Figure 1: Now instead of having a single piece of metadata indicating the first chapter of Little Women, you have to index that information data for every sentence.
A way to address this is with Lucene’s “join” functionality. This is an integral part of Elasticsearch’s nested field type. It makes it possible to have a top-level document with multiple nested documents, allowing you to search over nested documents and join back against their parent documents. This sounds perfect for multiple passages and vectors belonging to a single top-level document! This is all awesome! But, wait, Elasticsearch doesn’t support vectors in nested fields. Why not, and what needs to change?

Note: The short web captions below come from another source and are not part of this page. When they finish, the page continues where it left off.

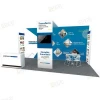 IZEXPO 30mins quick build backlit led lighting aluminum booth other trade show equipment
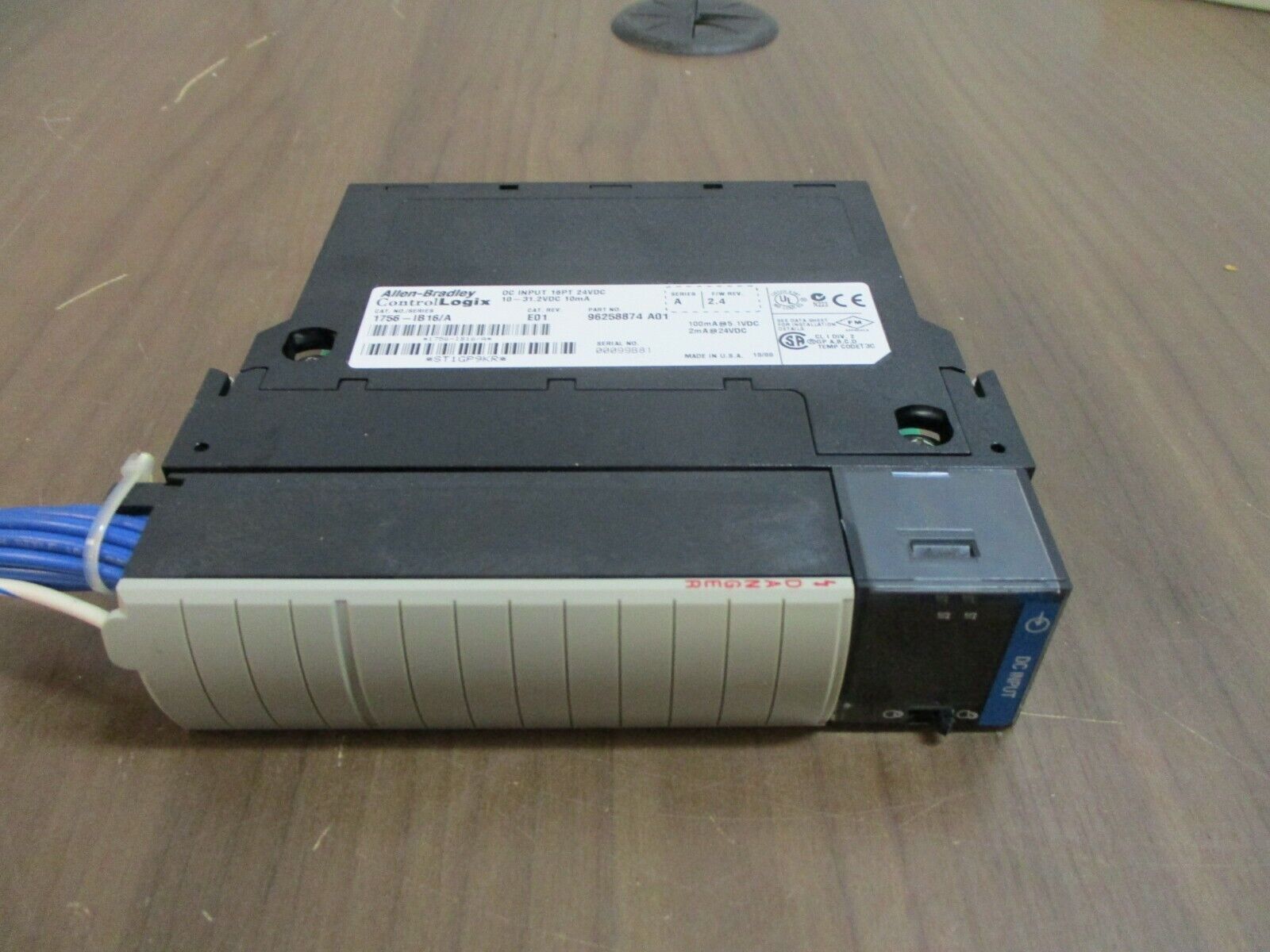 Allen-Bradley ControlLogix DC Input Module 1756-IB16/A Rev. E01 F/W: 2.4 Used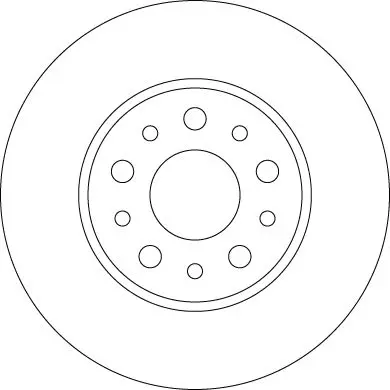 Handler.Part Brake disc TRW DF6228 2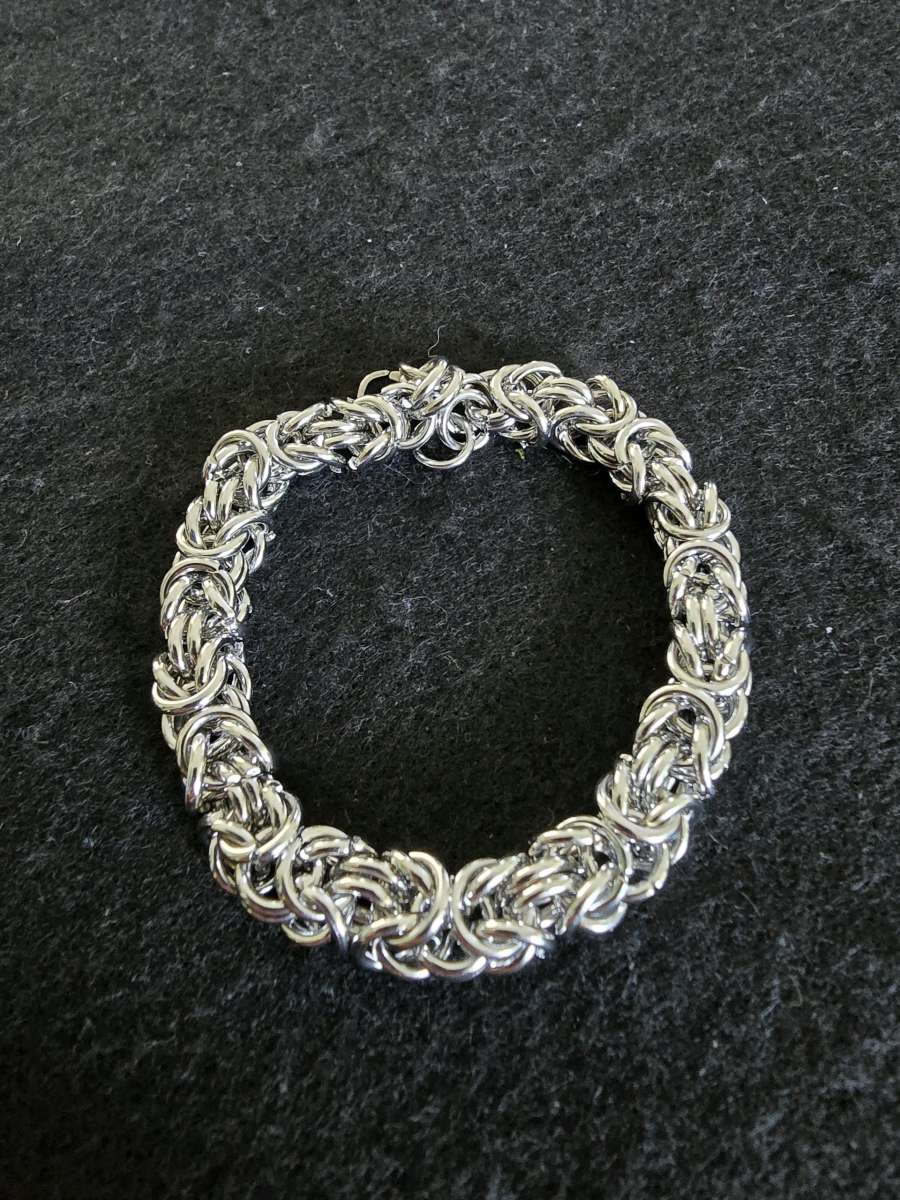 Stainless Steel Byzantine Bracelet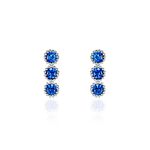 Boucles D'oreilles Puces Kasey Argent Blanc Oxyde De Zirconium - Puces Femme | Marc Orian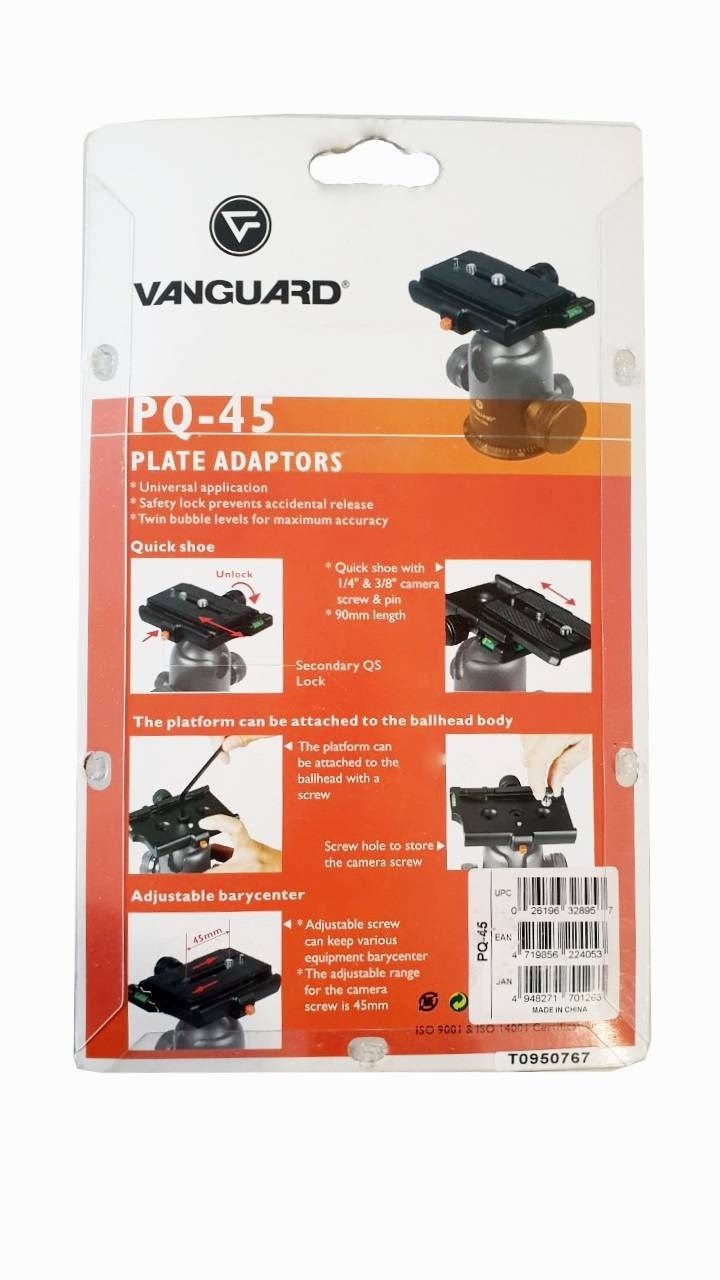 Vanguard PQ-45 Quick Release Plate Universal Adaptor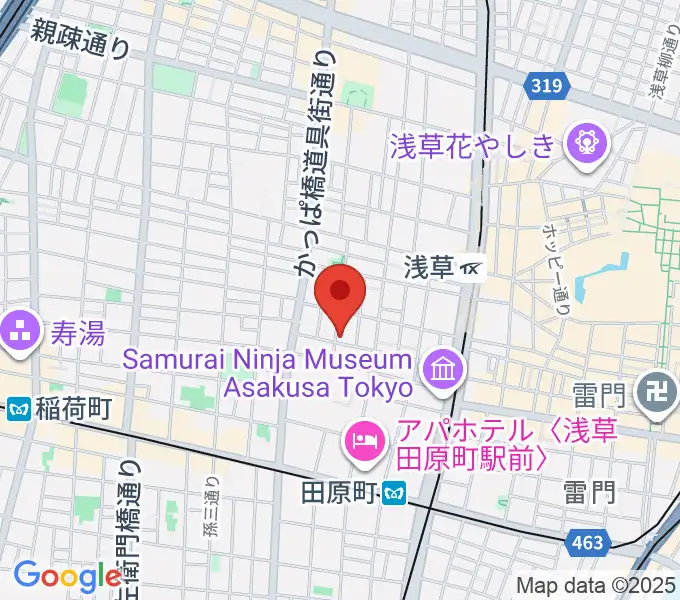 あさくさ劇亭の地図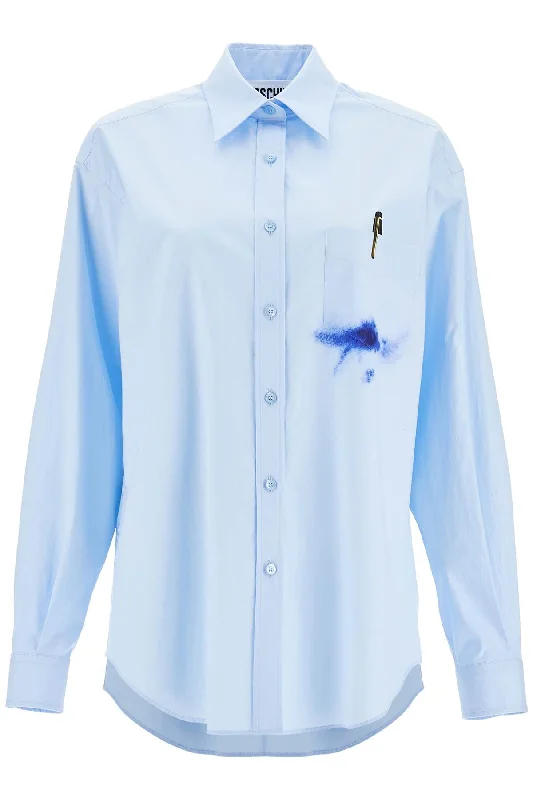 printed pocket shirt with button V0204 0531 MULTI LIGHT BLUE Elegant Classic Vintage printed pocket shirt with button V0204 0531 MULTI LIGHT BLUE Elegant Classic Vintage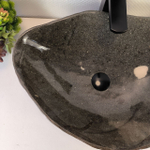 Каменная раковина из речного камня RS-05382 (54*41*15) 0862 из натурального камня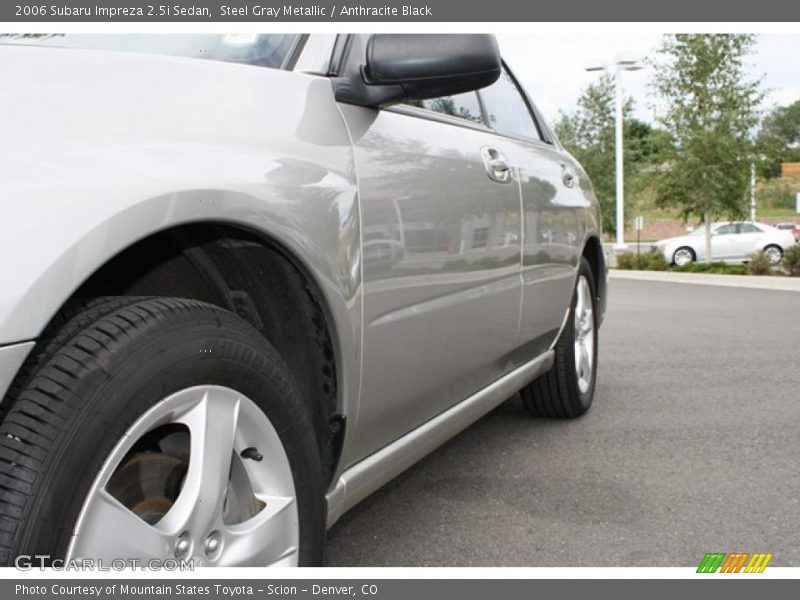 Steel Gray Metallic / Anthracite Black 2006 Subaru Impreza 2.5i Sedan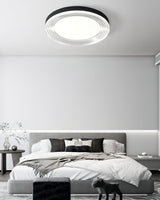 Mimi North Modern LED Flush Mount Ceiling Lamp for Minimalist Interior Lighting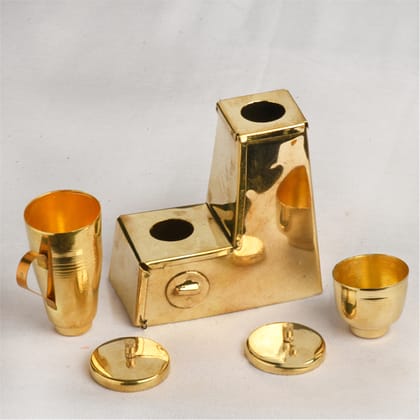 Toy Antiqua Idli Patra & Mixer Premium Handcrafted Miniature Toy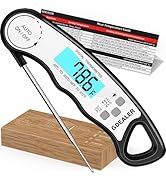 GDEALER Meat Thermometer Digital Instant Read Food Thermometer Waterproof Ultra-Fast for Grill Co...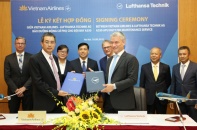 Vietnam Airlines và Lufthansa Technik ký hợp đồng bảo dưỡng động cơ phụ cho đội bay Airbus A350 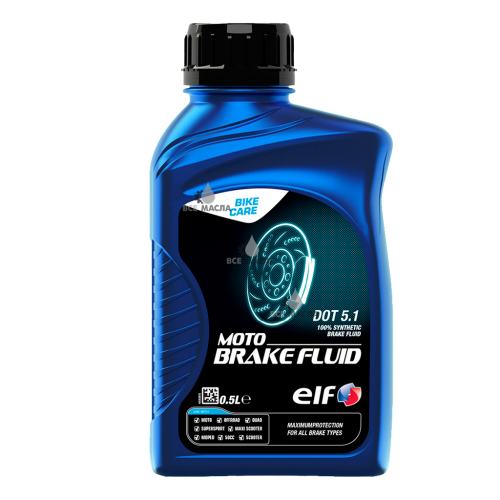 Elf Moto Brake Fluid DOT 5.1 500 мл.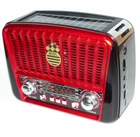 Радио приемник GOLON RX-455S с солнечной панелью 3-х волновый радиоприёмник колонка MP3, USB Красный с черным (716024)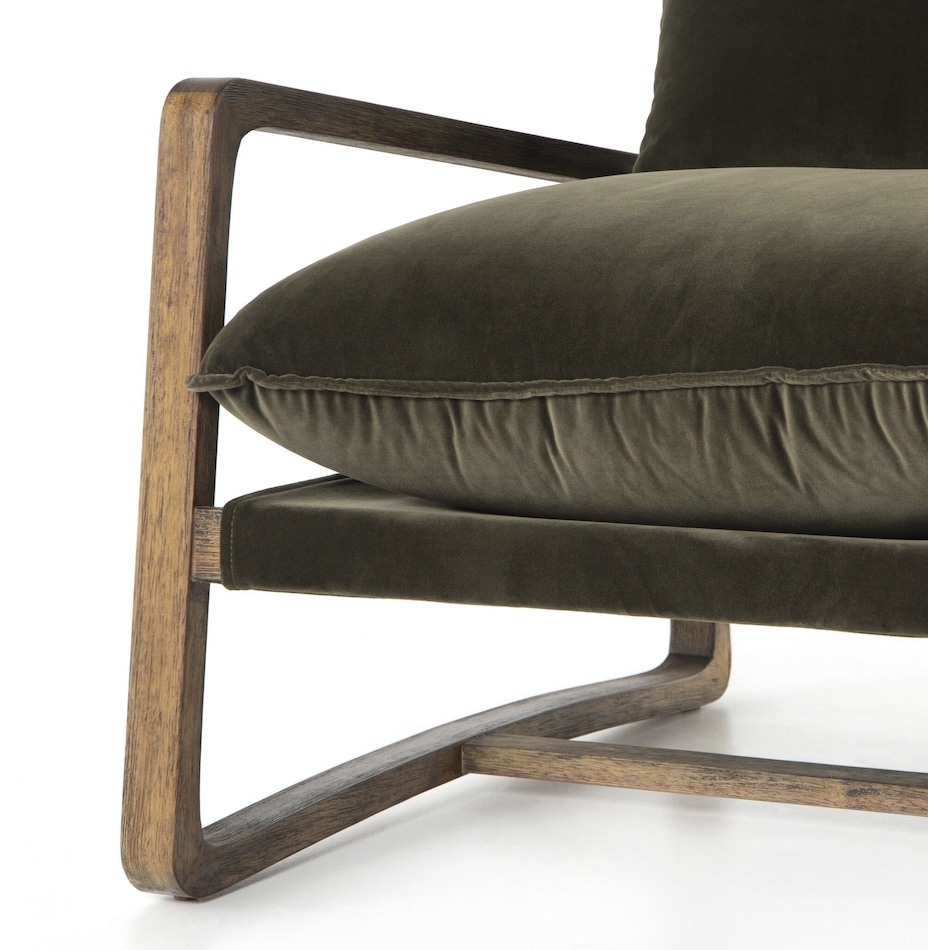 colt surrey olive toasted umber accent chair   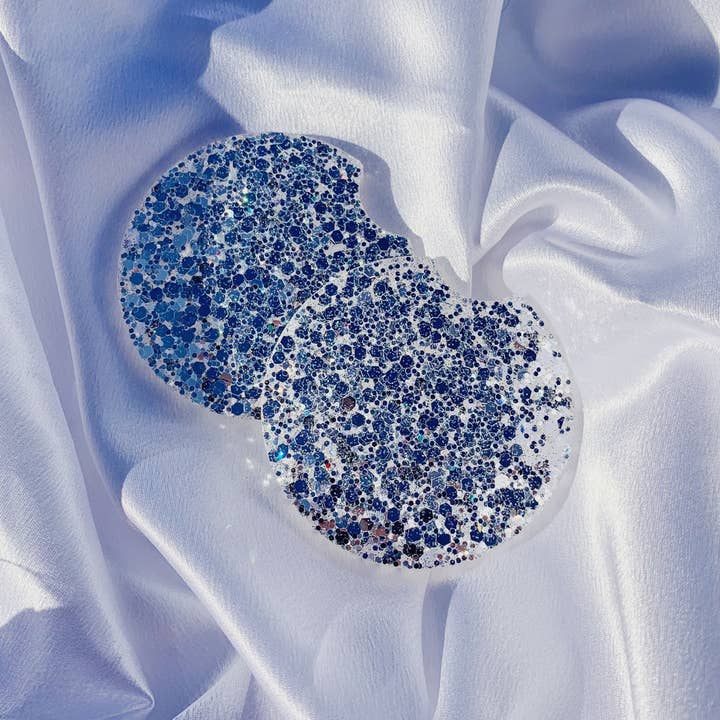 Snowflake Resin Car Coaster, Cupholder Coaster – Set of 2 for wholesale by Nony Design Company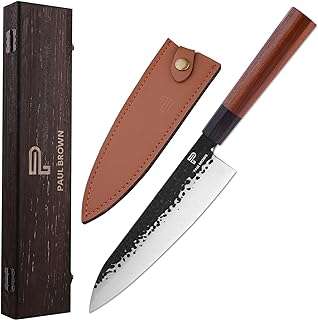 Couteau de chef paul brown® 8" série standard 9cr18mov manche ergonomique octogonal en bois. DIAYTAR COTE D'IVOIRE  - La meilleure adresse pour des prix imbattables sur une vaste sélection de produits. Que vous recherchiez des articles pour votre maison, votre informatique ou votre garde-robe, nous avons tout ce qu'il vous faut à prix discount. Explorez notre site dès maintenant et profitez des meilleures affaires en ligne!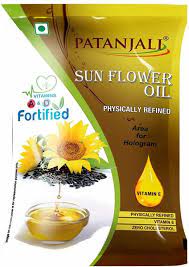 Patanjali Sunflower Oil 1ltr (1x12)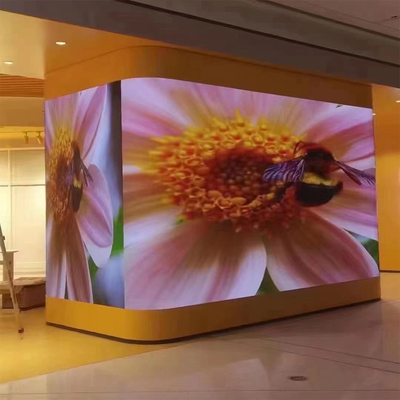 Ultra-Thin Flexible Led Screen Panel Outdoor P1.8 P2  S Shaped
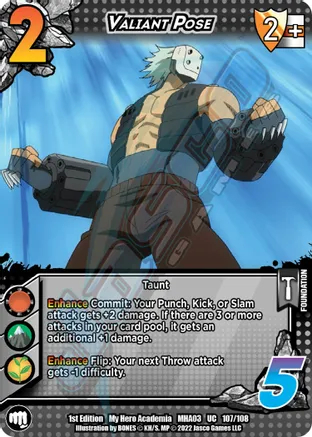Valiant Pose - 1st Edition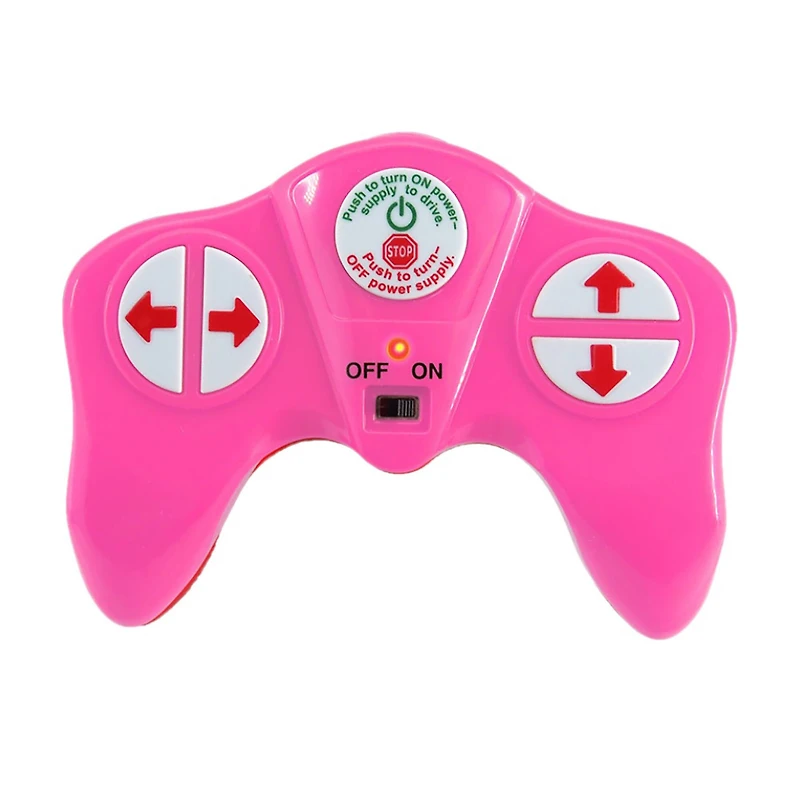 Kiddieland Pink Rainbow Powered Bumper Car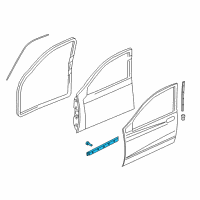 OEM 2000 Dodge Dakota Seal-Front Door Belt Diagram - 55257342AB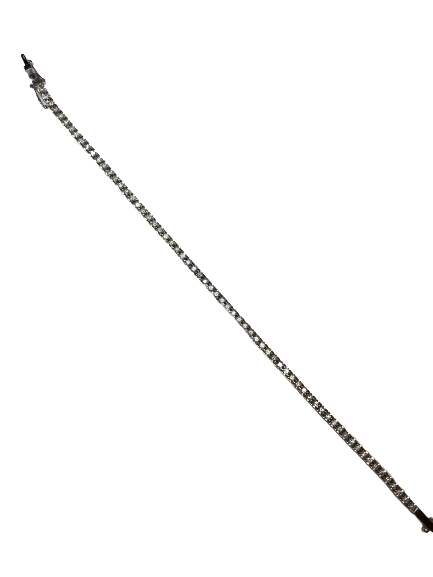 Bracelet tennis rivière de diamants or 18k (environ 1 carat)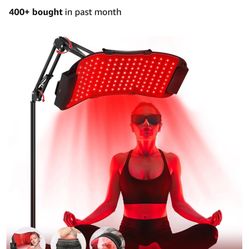 Luxrenew Multifunction Red Light Therapy for Body and Face, 850nm Near-Infrared Light Therapy LED Mask Facial Body Beauty Equipment for Skin Care at H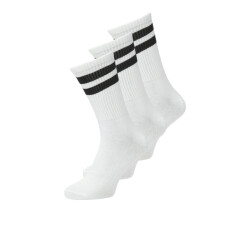 Jack & Jones Heren tennissokken wit 3-pack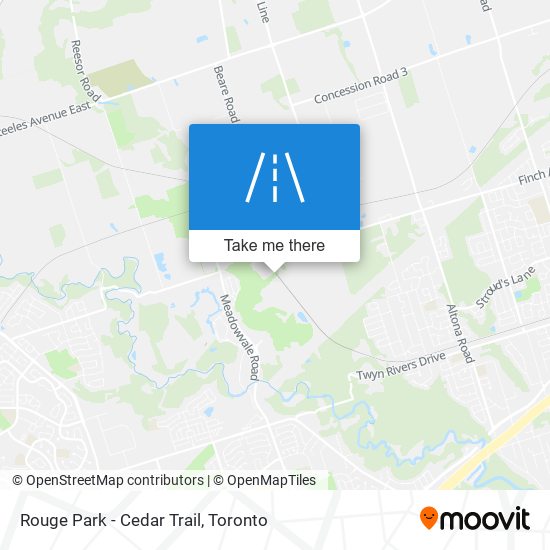 Rouge Park - Cedar Trail map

The (kNN) problem with parents and children
The key issue is how Lucene can join back to the parent documents when searching child vector passages. Like with kNN pre-filtering versus post-filtering, when the joining occurs determines the result quality and quantity. If a user searches for the top four nearest parent documents (not passages) to a query vector, they usually expect four documents. But what if they are searching over child vector passages and all four of the nearest vectors are from the same parent document? This would end up returning just one parent document, which would be surprising. This same kind of issue occurs with post-filtering.
Figure 2: Documents 3, 5, 10 are parent docs. 1, 2 belong to 3; 4 to 5; 6, 7, 8, 9 to 10.
Let us search with query vector A, and the four nearest passage vectors are 6, 7, 8, 9. With “post-joining,” you only end up retrieving parent document 10.
Figure 3: Vector “A” matching nearest all the children of 10.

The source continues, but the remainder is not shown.